Nowoczesna architektura, spokojna okolica, „osiedle marzeń” – takimi hasłami ADBUD reklamuje swoje nowe dziecko: Słoneczny Wilkszyn 2. Niestety, marzenia mieszkańców ul. Magnoliowej o normalnej drodze zostały rozjechane przez ciężarówki dewelopera, a zamienione w mokrą, błotną rzeczywistość. Dosłownie.
Podczas budowy tego „prestiżowego” osiedla, ADBUD skutecznie zniszczył wewnętrzną drogę dojazdową – ul. Magnoliową. To nie była wina klimatu, nie było tam tornada ani trzęsienia ziemi. Po prostu weszła firma budowlana i wjechała z impetem… w infrastrukturę.
Co zrobił ADBUD? Prawdziwe majstersztyki naprawy! Wysypali trochę piachu, ubili go (pewnie wiaderkiem i kijem od szczotki) i z triumfalnym uśmiechem odjechali. Efekt? Po dwóch miesiącach po tej “naprawie” nie ma już nawet śladu. Zamiast tego – błoto. Wszędzie błoto. Z budowy, z „naprawy”, z bezradności.
Ale spokojnie – błoto można potraktować jako naturalną formę małej architektury krajobrazu. Może to element zamysłu projektowego? Wilkszyn w wersji survivalowej?
I tu pojawia się pytanie: skoro ADBUD nie potrafi trwale naprawić jednej drogi, to jak bardzo prowizoryczne i „na piachu” są ich bliźniaki?

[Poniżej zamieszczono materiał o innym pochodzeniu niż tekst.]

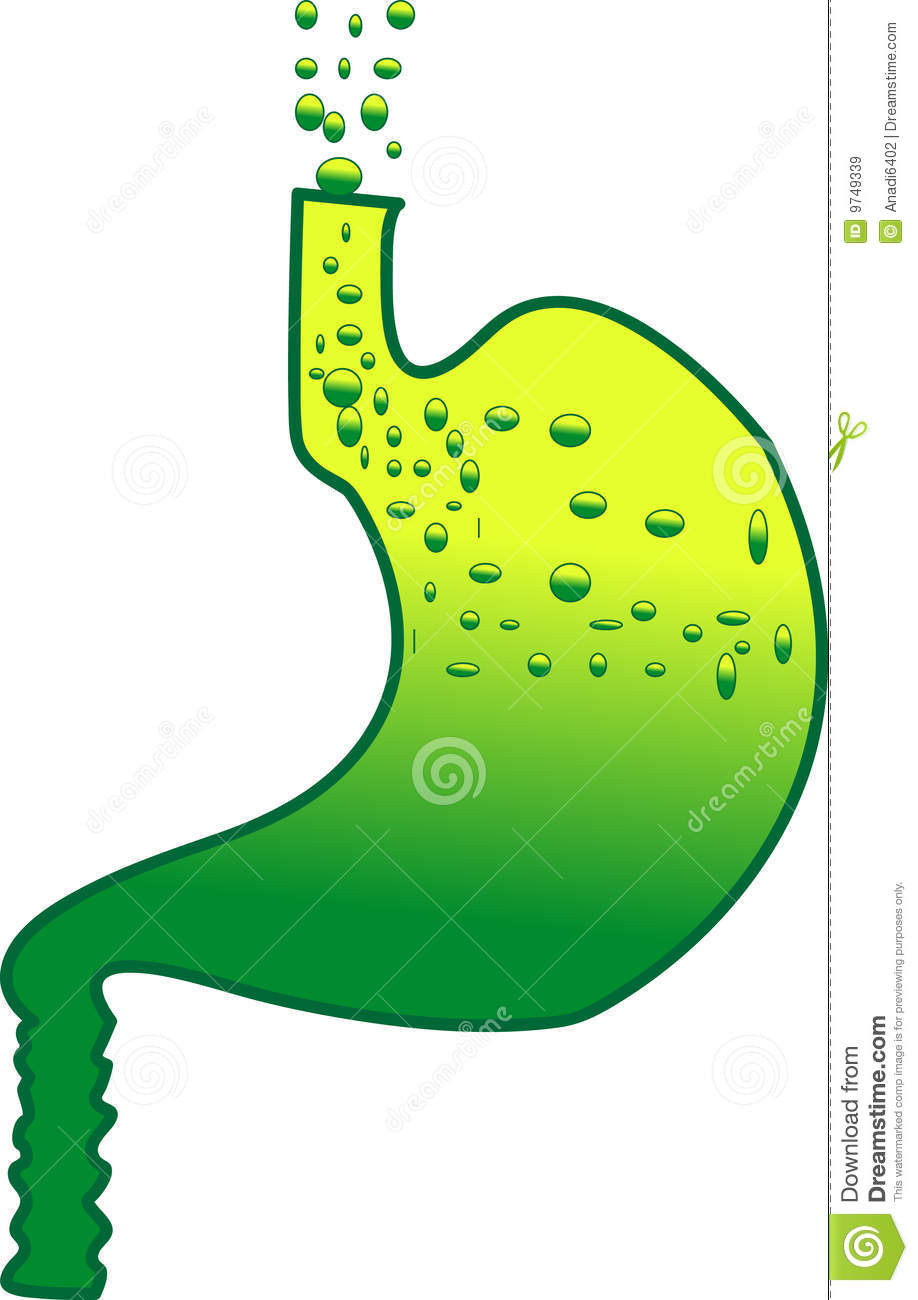 Stomach With Hyper Acidity Having Flatulence Bubbles And Bloating Of    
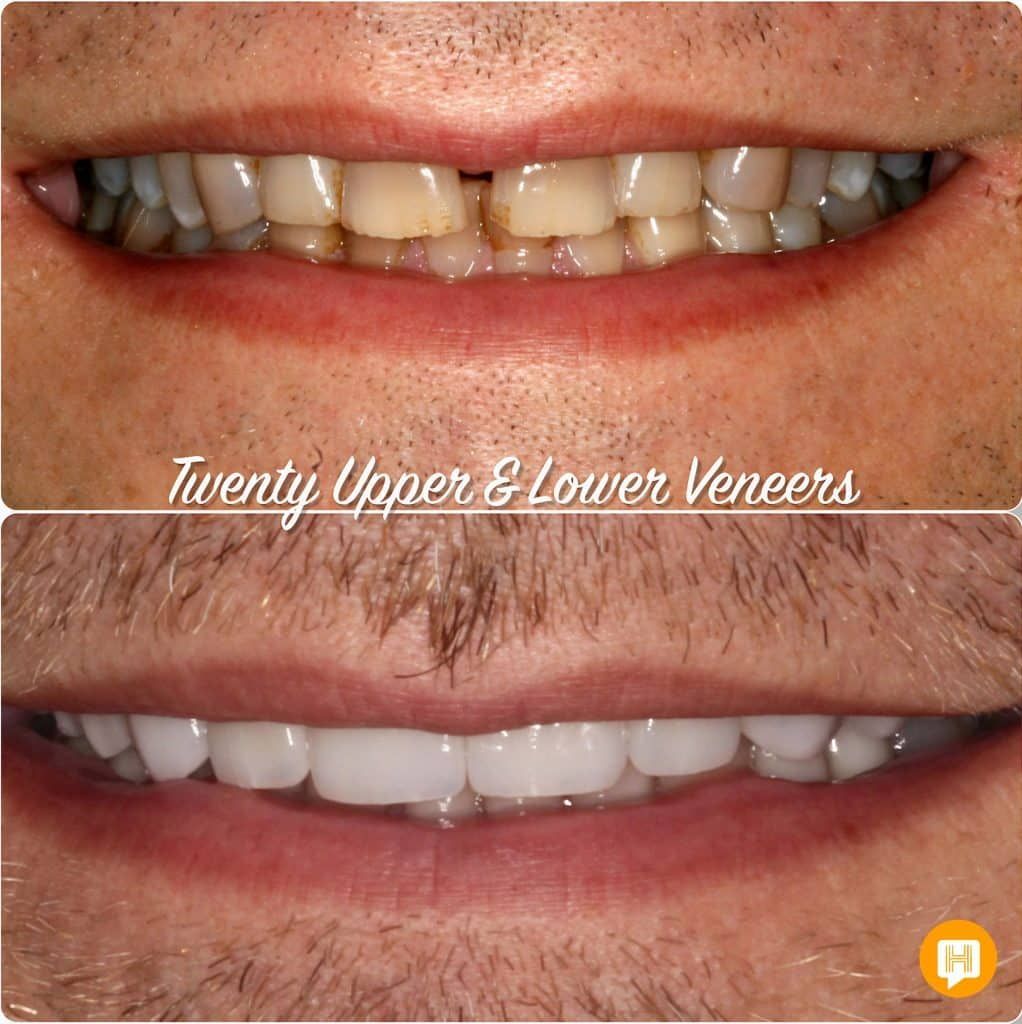 A before and after photo of a man 's teeth with twenty upper and lower veneers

Czy dachy też są tylko „ubite”, a fundamenty zasypane magicznym piaskiem z tej samej betoniarki, co droga?
Zamieszkaj w Słonecznym Wilkszynie 2 – gdzie nawet droga donikąd nie przetrwa więcej niż dwa miesiące. I gdzie zaufanie do dewelopera rozmywa się szybciej niż piach pod kołami auta.